- Born: Muriel Mary Lysaght 27 March 1917
- Died: 2 July 2005 (aged 88) Wellington, New Zealand
- Occupations: Landscape architect; gardener;
- Spouse: John Harold Watt ​(m. 1953)​
- Relatives: Averil Lysaght (sister); Jane Stowe (grandmother); Leonard Stowe (grandfather); John Lysaght Moore (cousin); Sophia Augusta Lysaght (aunt); Ellen Greenwood (great-aunt); Sarah Greenwood (great-grandmother); John Danforth Greenwood (great-grandfather);

= Mary Watt =

New Zealand landscape architect (1917–2005)

Muriel Mary Watt (née Lysaght; 27 March 1917 – 2 July 2005) was a New Zealand landscape architect and gardener.

== Biography ==
Watt was born Muriel Mary Lysaght on 27 March 1917, the daughter of Emily Muriel Lysaght (née Stowe) and Brian Cuthbert Lysaght, and spent her childhood in Mokoia, Taranaki. Her sister was scientist Averil Lysaght. Her maternal grandparents were Jane Stowe and Leonard Stowe. Her cousin was the artist John Lysaght Moore.

Lysaght began her career as a gardener at the Dunedin Botanic Gardens in 1936. In 1946, she enrolled to study at the New Zealand Institute of Horticulture, completing a three-year course. In 1950 and 1951, she studied at the Royal College of Art in London, in the School of Architecture. It is likely that she was New Zealand's first woman landscape architect, and when she qualified was perhaps the only New Zealander to be a member of the Institute of Landscape Architects (UK).
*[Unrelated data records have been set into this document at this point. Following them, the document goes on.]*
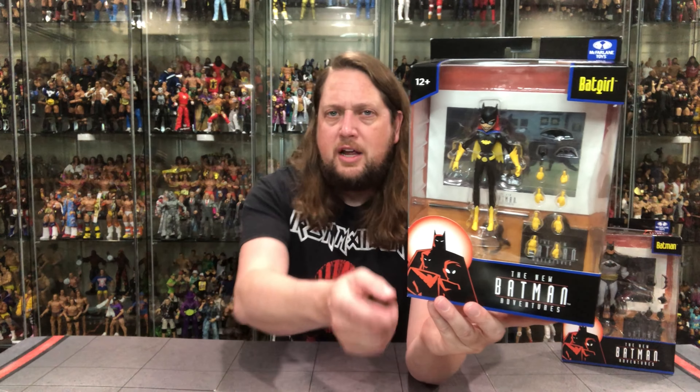Welcome everyone, Kyle here, and welcome back to the channel for another New Adventures of Batman unboxing and review. Today on the channel we got Batgirl, we got Batman, we got a lot of fun. But for all your Batman needs and a whole lot more, make sure you're hitting up Entertainment Earth. Use discount code KYLE to save yourself 10% on all in-stock items. Anything over $79 does ship free.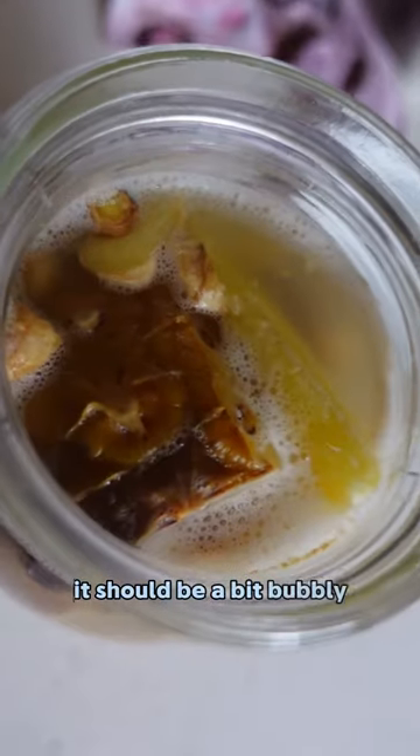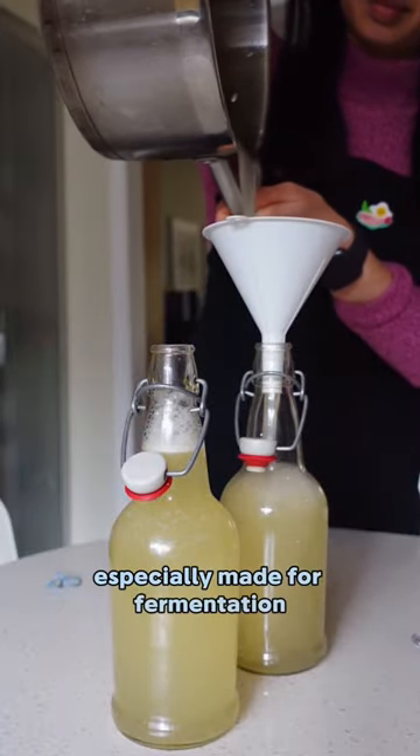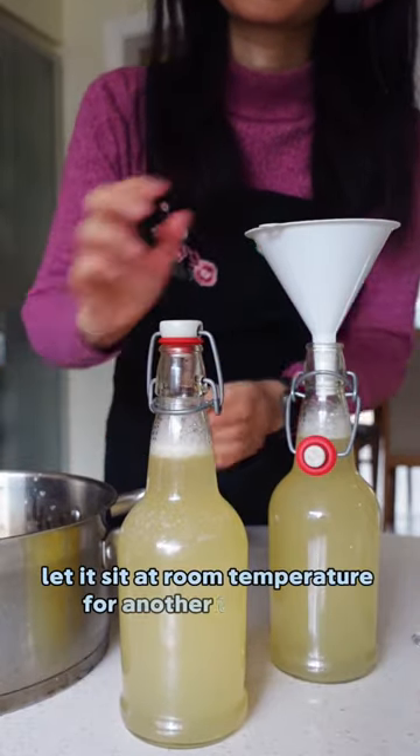When it's ready, it should be a bit bubbly — that means the fermentation has started. Place it into bottles that are especially made for fermentation, and let it sit at room temperature for another three days.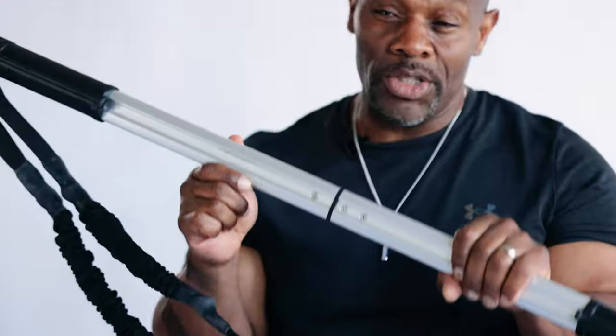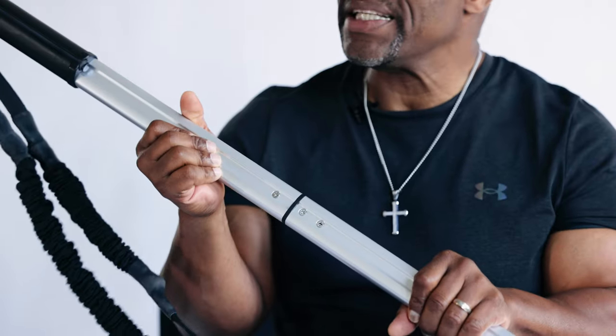As you notice, the RW Total Body Bar is in two pieces. It was purposely designed this way for ease and travel.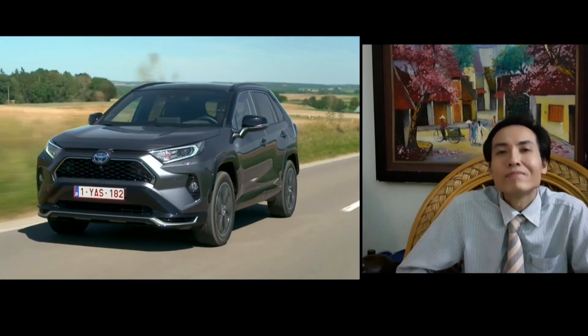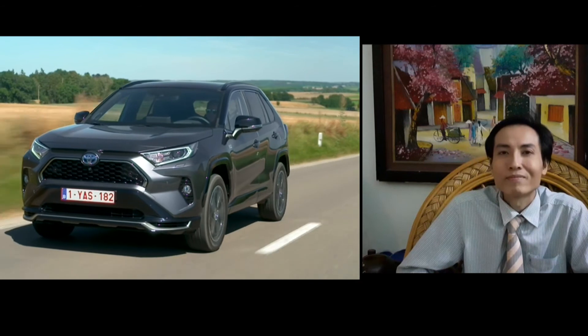I hope you found something interesting watching this video about the Toyota RAV4 Plug-in Hybrid. Thanks again for watching.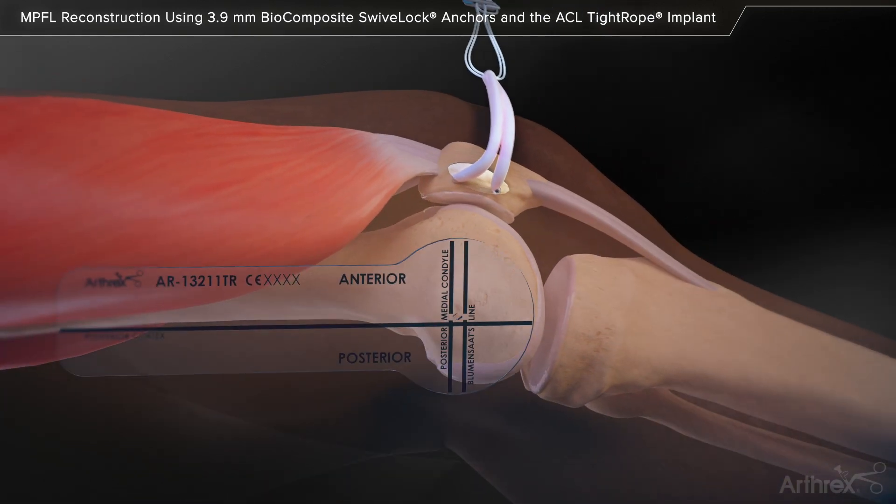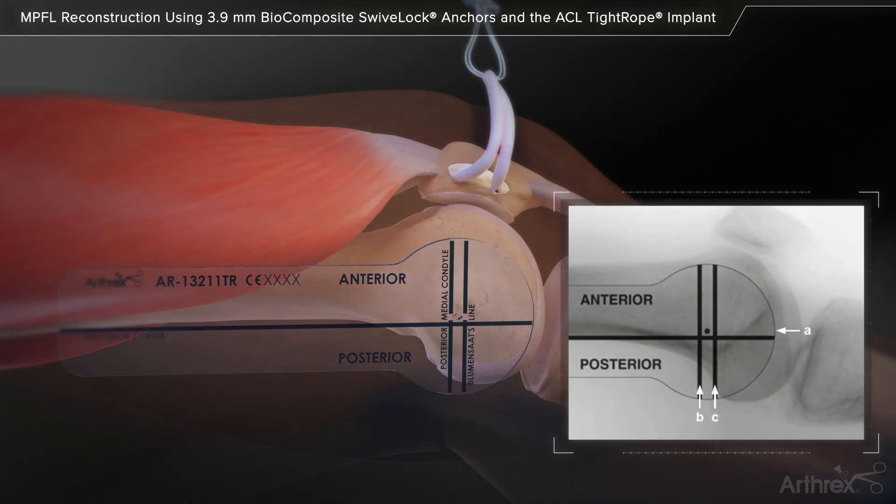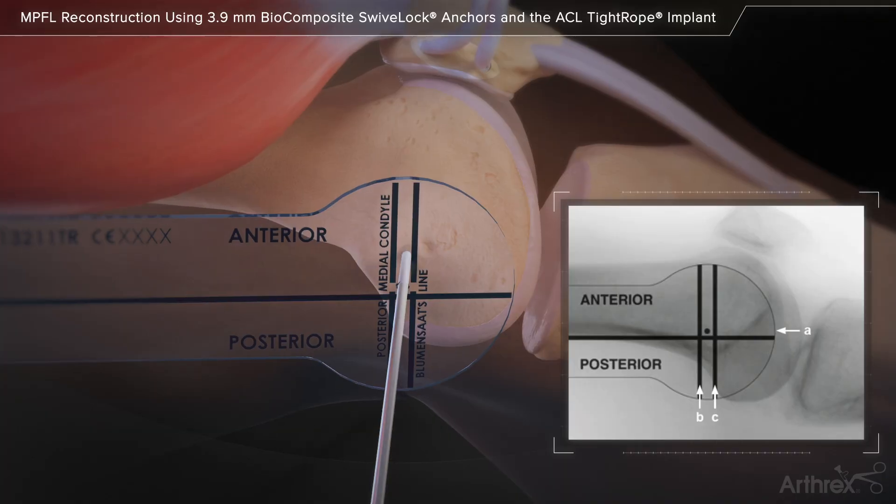A template is placed on the medial epicondyle on the distal femur and under fluoroscopic guidance, a 4.0 mm spade tip guide pin is targeted at Schöttle's point and is drilled across the femur and out the lateral epicondyle. The pin should be aimed slightly proximal and anterior to avoid the intercondylar notch.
Lysaght started her own landscape architecture business in Wellington in 1951. Her most notable work was the garden for Shirley Smith and Bill Sutch for their house in Brooklyn, Wellington.

In 1953, Lysaght married John Harold Watt, a scientist who rose to become assistant director of the horticulture division of the Ministry of Agriculture and Fisheries. The couple lived in Brooklyn, Wellington, for most of their married life. Mary Watt died in Wellington on 2 July 2005, and was buried in Hāwera Cemetery. Her husband died the following year.